To get more of what you want there are four steps. Assess, prepare, ask, package. To give you an example, my dean recently sent me an email indicating that I would have to be going from five courses a year to six courses a year. Because he had received information from the Provost that we needed to be consistent in the amount of contact hours, and course credit. I was not happy about that email. So, my response was, I think I need to talk to my dean. Let’s negotiate. But, before I started a negotiation, I thought hard about why was he doing this? What was in his interest? His interest was probably, to make sure the provost was happy. What was my interest? Not to move from five classes to six classes. And it turns out I teach two different types of classes. MBA electives, and then some specialty classes. There are lots of folks who teach MBA electives. There are very few folks who teach specialty classes. So, I thought I should focus on the specialty classes.
So, then I went for the ask. I set up a meeting, and part of that meeting was to verify the information that I had gathered in my planning session. And, it did turn out to be true. He was interested in making the provost happy, so then came the proposal that packaged our interests. He said he wanted consistency between contact hours and credit. So, what he did is he changed the credit to match the contact hours. I suggested, why not change the contact hours to match the credit? Because it turns out that in my courses, in my specialty courses, we always went over. So, while they were three hours, it was common that we would go for 3 and a half to 4 hours. So, let’s make them 4 hour courses. And, keep me at 5 rather than move me to 6.
He said to me, I never even thought of that, and why didn’t he? It wasn’t that weird. Because he didn’t have the information that I had, that my classes routinely ran over. And, so when I gave him that information, it created a solution that made him as well off as he was, and made me a whole lot better. By the way, I was the only faculty member to get an exception. And why did I get an exception, because everybody else had the same email? For two reasons. One, I decided to negotiate. And, number two, I provided him with a solution that made us both better off.
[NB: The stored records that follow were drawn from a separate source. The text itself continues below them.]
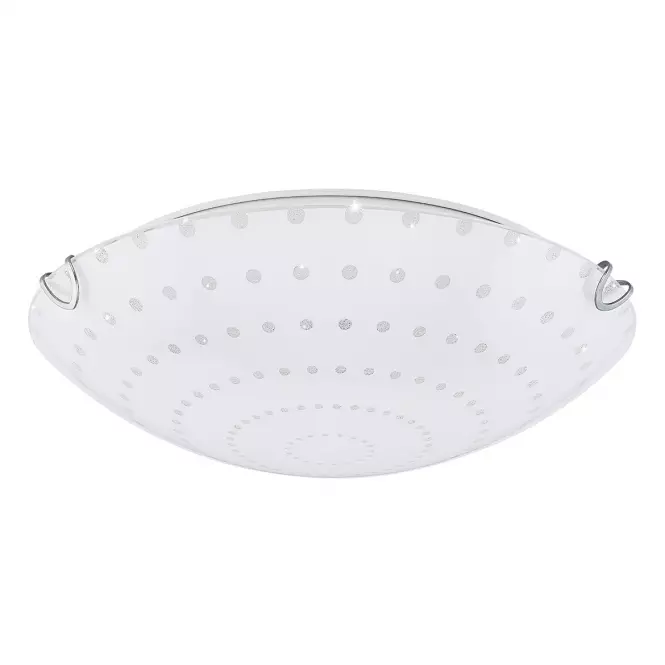 Stropnica 34044 DOTORBE PL1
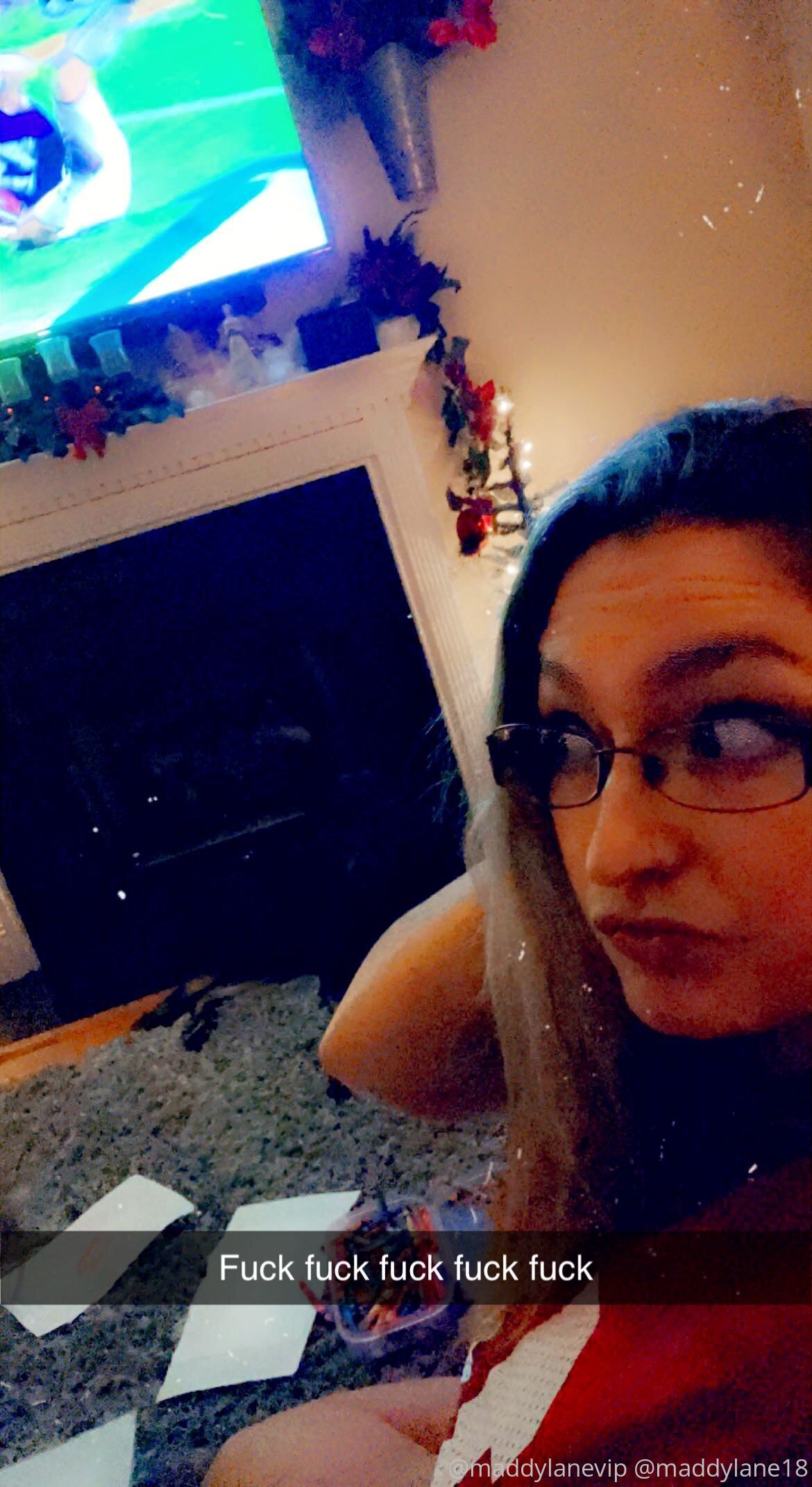 Leaked maddylane18 Nude Leaks Onlyfans Leaked maddylane18 Nude Leaks Onlyfans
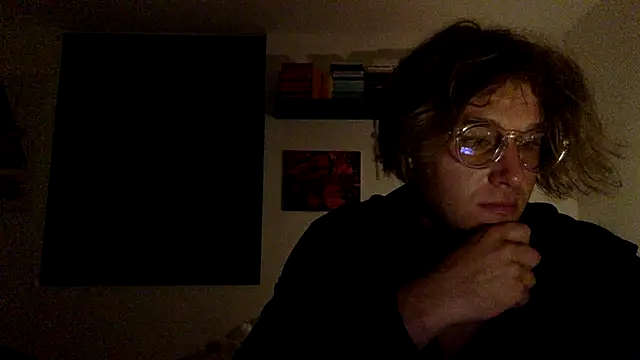 Sir Jo online show from July 2026 10:58:02 PM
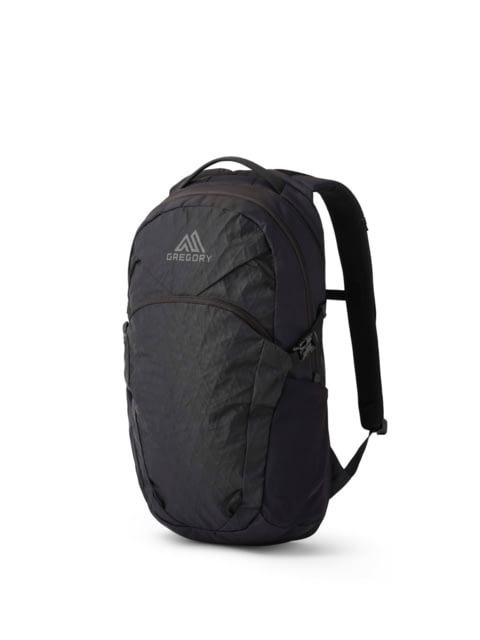 Gregory Yok X Slc Signal Backpack Men/Unisex Night Black X-Pac 18L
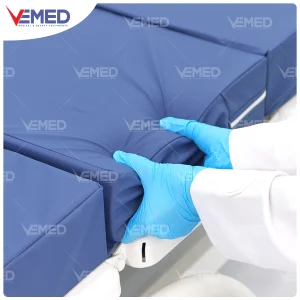 giuong-benh-nhan-hi-mec-dl-tf-01-chinh-dien-5-chuc-nang-san-pham-vemed-8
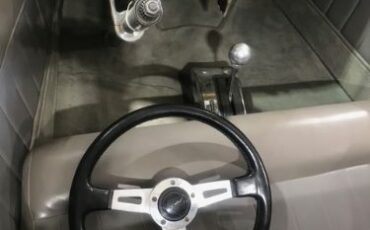 Ford-Roadster-1927-14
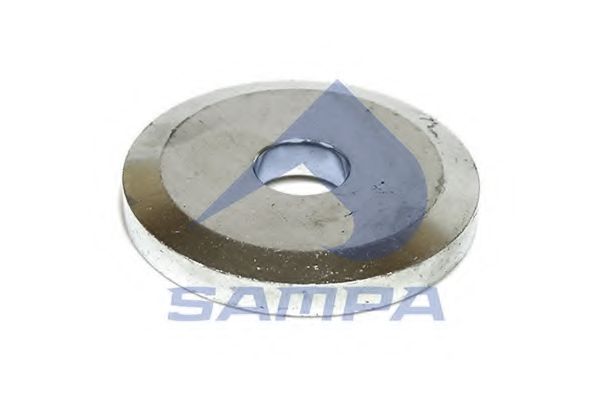 Шaйбa HCV - SAMPA 105.264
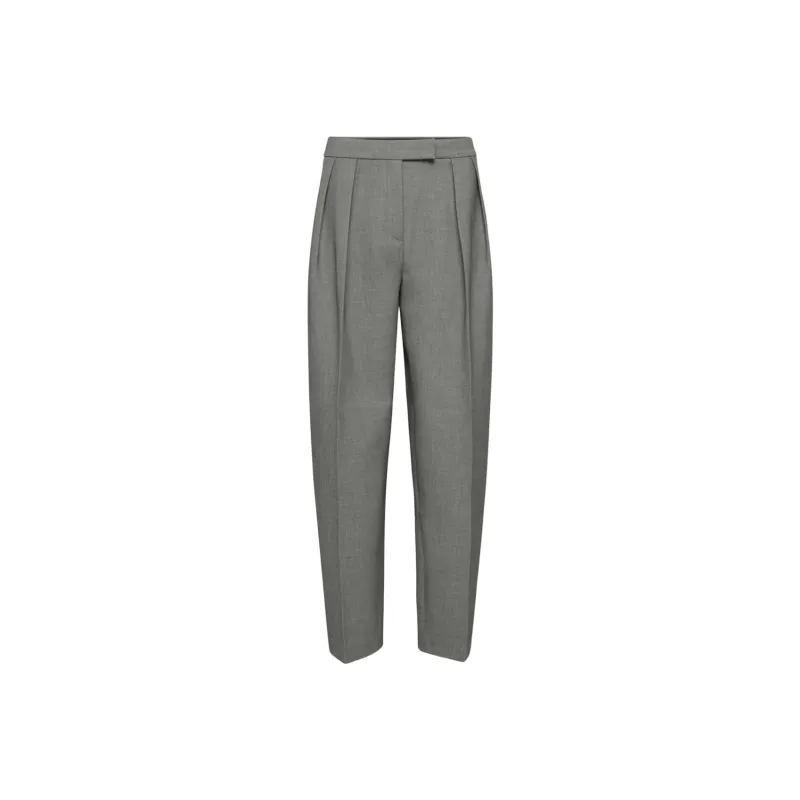 ARITZIA Casual Pants Women's-2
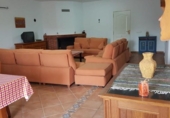 Casa de camp amb terreny en venda a la España, Sorbas, ref.: TR409328 foto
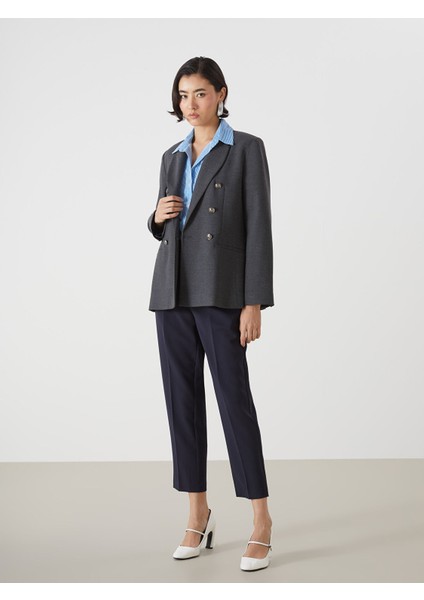 Yeni Sezon Kadın Blazer Ceket fırsatları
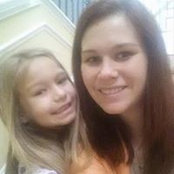 Whitney Gates's photo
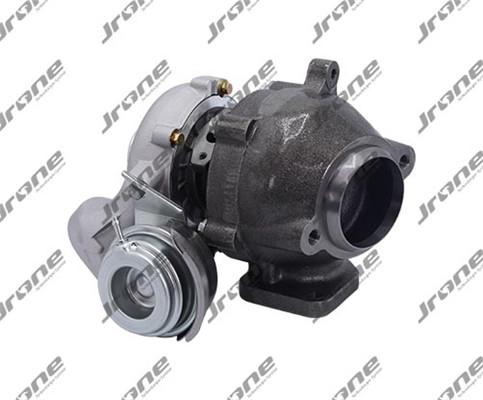 Jrone 8G17-300-303 - Turbocompresseur, suralimentation droxauto.com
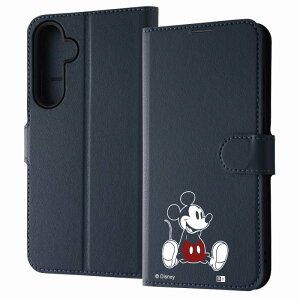 Galaxy A55 5G fBYj[ / 蒠^U[P[X Vv }Olbg/~bL[}EX_sitting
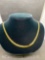 Beautiful 14k Gold Necklace 8.39 Grams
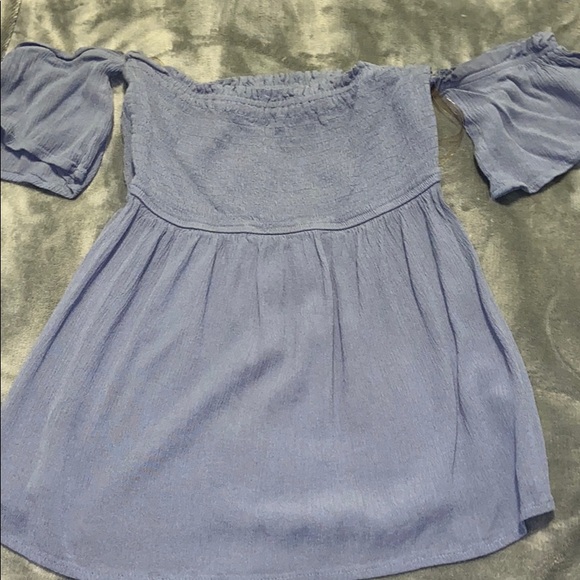 Top - Picture 1 of 1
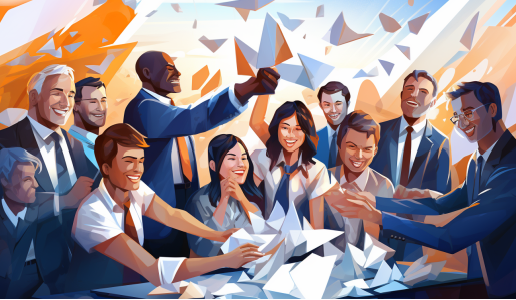 �������ܲ���ѵ�ࣺ����ɹ���ҵ����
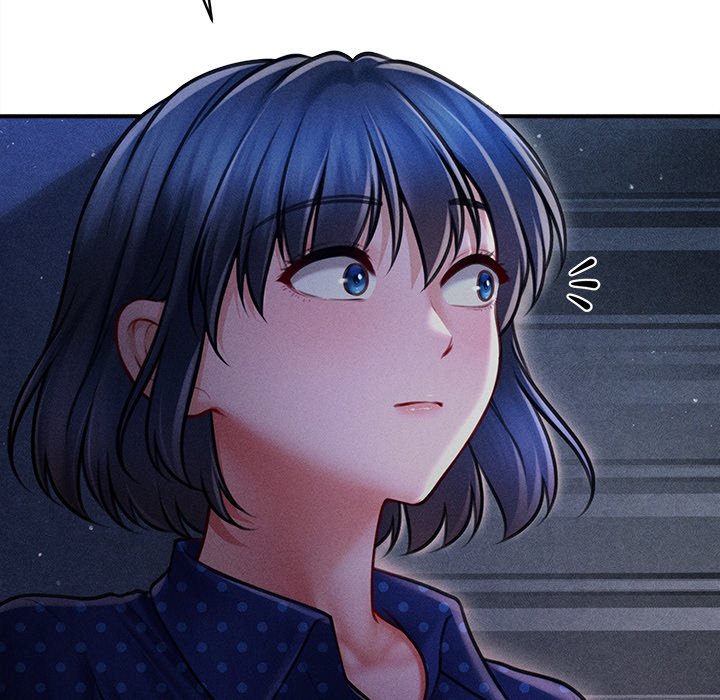 The Chairman’s Secret Son Chapter 14 - Manhwa18.com
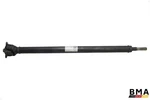 Bmw M5 F90 Front Awd Driveshaft Propeller 9425911 2018 - 2023 Oem. Fixed Price $79.99.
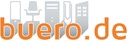 buero.de Handel AG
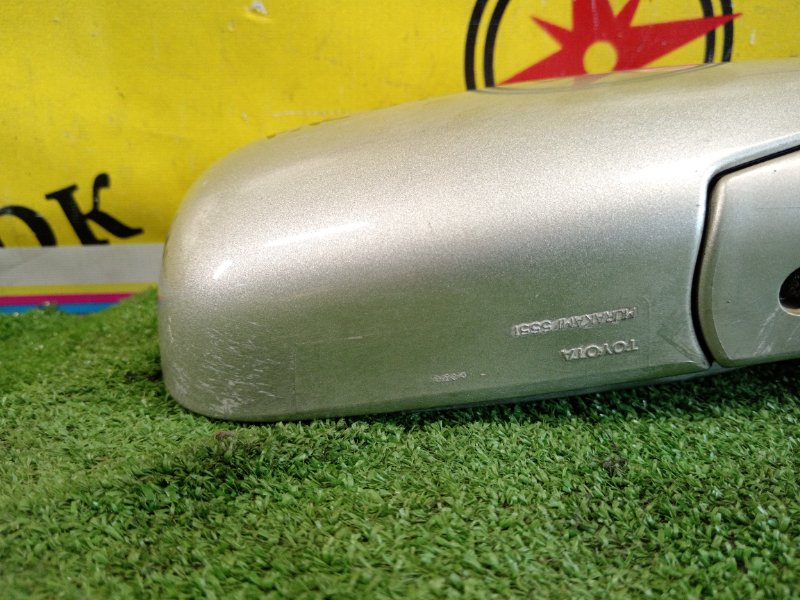 зеркало, 1500 рублей, Красноярск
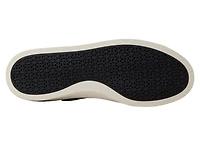 Hollander Sneaker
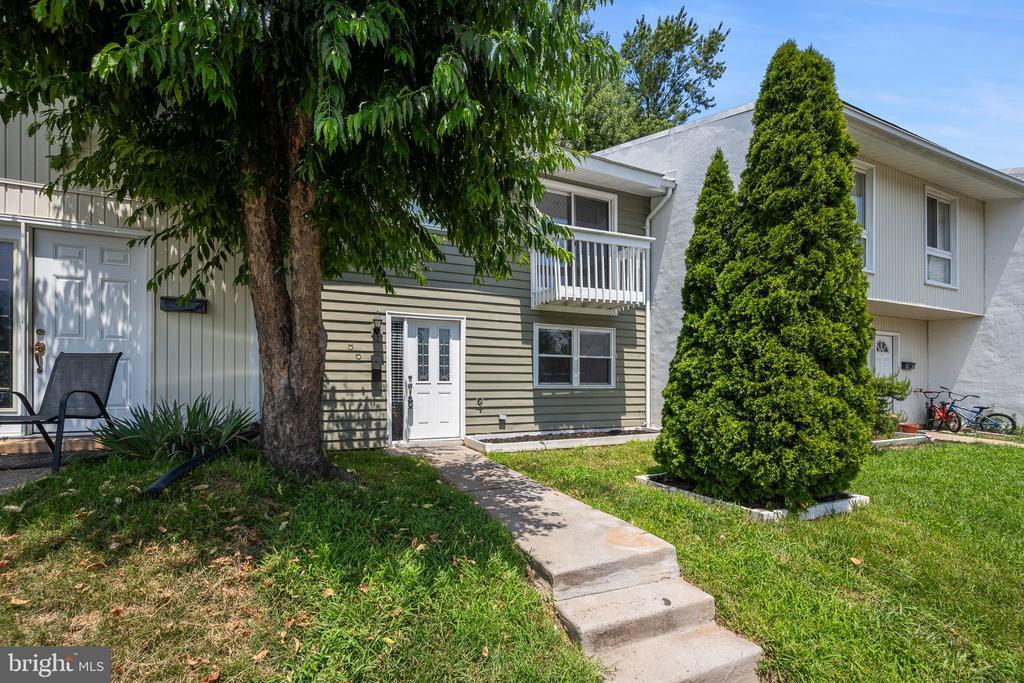 86 Sugarland Run Dr, STERLING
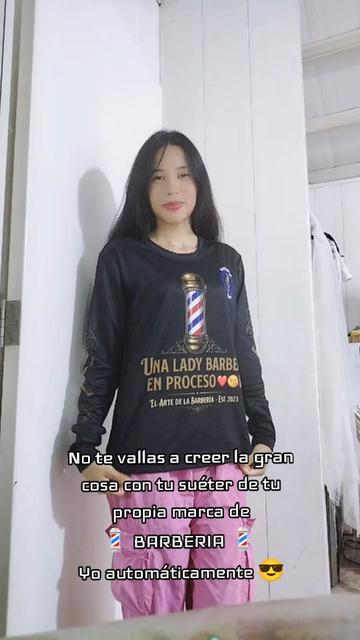 @💈👑 Danibarber 🤠🌻💈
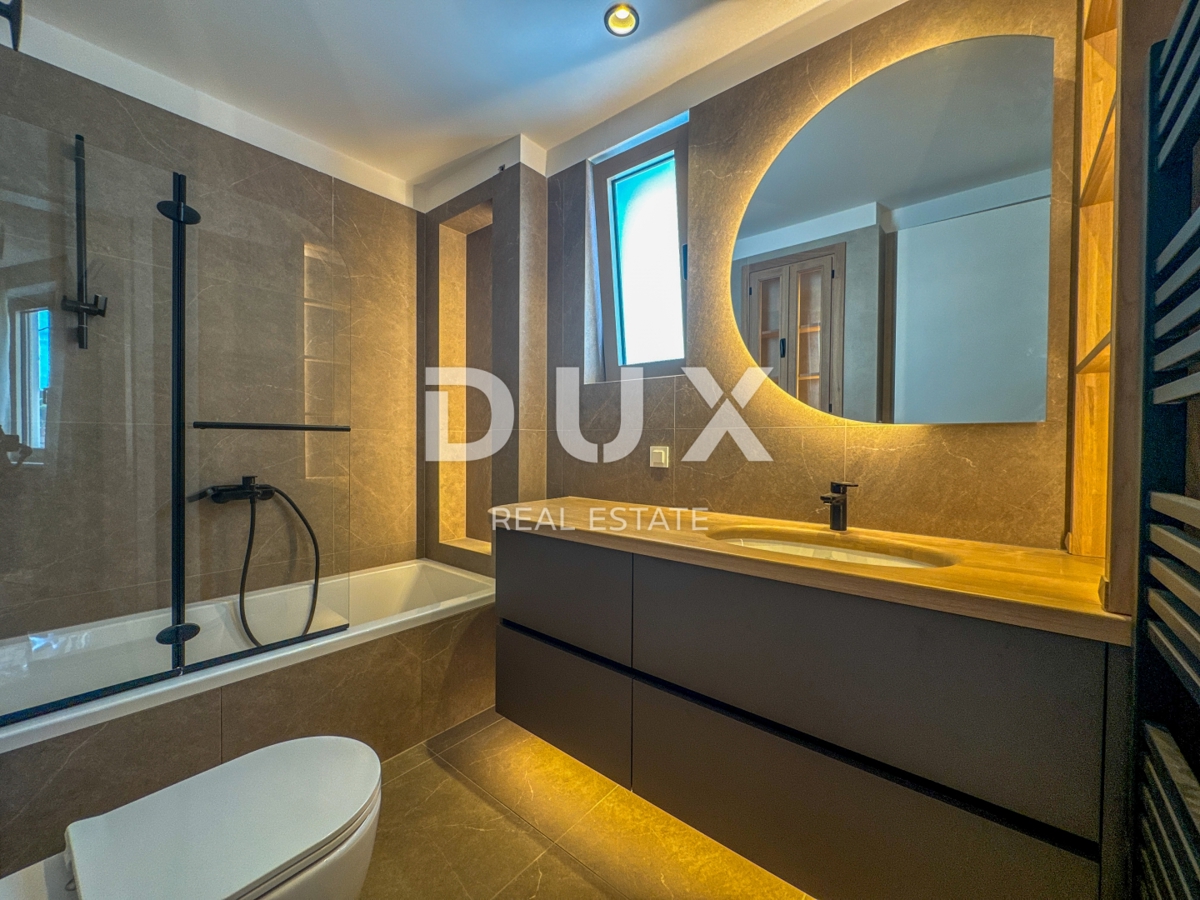 Apartma Na predaj - PRIMORSKO-GORANSKA OPATIJA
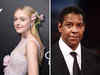 Dakota Fanning set to reunite with Denzel Washington in 'The Equalizer 3'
So, what are the unique opportunities and challenges that women face when they negotiate? Let’s start off with an example that’s pretty far away from what most of us think about as negotiations. In 2006, the U.S. Tennis Open’s Grand Slam Tournament got some new technology. And, for the first time, they were able to replay the calls. And, so they allowed the players to challenge the calls of the referees. Now it turns out, that over the course of the entire tournament, about one third of the challenged calls were given to the player. But interestingly, if you divided up the number of challenges by gender, it turns out the men challenged 73 calls, while the women challenged 28. Now, we can come up with all sorts of stories about why men’s tennis is different from women’s tennis. Men’s tennis is faster. Maybe the judges make more mistakes. Maybe the judges are paying more attention to the women. Maybe. But three times difference in the number of challenges? Women are simply uncomfortable with asking. Expectations drive behavior. If we expect to do poorly, we will behave in ways that ensure a poor performance. This was demonstrated in a piece of research that I think is very telling.
When women were told that people who are like them negotiate poorly, they did significantly worse in their negotiation performance than their male colleagues. When they were told that people like them negotiate well, they did significantly better than their male colleagues. Expectations drive behavior. If you change your expectations, you will change your outcomes. As women, we need to be very cognizant of three aspects of negotiation. Why am I asking? How am I asking? And, for whom am I asking?
Let’s first talk about why you are asking. It turns out that women are much more effective in negotiations when they pair their competence with a communal orientation. Women need to demonstrate their concern for the other. So, how are my skills help you, the organization, my employer, my team, to do better? So, let me give you an example. A colleague of mine had gotten a wonderful job offer from an East Coast university. So, she came to me and said, can you help me figure out how to leverage this offer? I really don’t want to move. I said, no problem. We can do this. So, I said, make an appointment with the Dean, and take the offer with you. Be very clear. Dean, we have a problem. I love Stanford, but I just received this offer, and it’s an attractive offer. I need some help. Can you help me figure out how to stay here? She wasn’t making a demand. She wasn’t giving an ultimatum. She was saying, can you help me? Communal problem solving. How are you asking?
Male evaluators penalize female negotiators in a single issue distributive negotiation when I ask for more money. In ways that they do not penalize her male counterparts. Female evaluators penalize both males and females for asking for more. Why the women were penalized? Was because they were perceived as being too demanding and not nice. Now note I said a single issue. They were negotiating issue by issue. So, how can I help you with this pool of resources that I need to do my job more effectively to make you better off, and packaging? Communal packaging.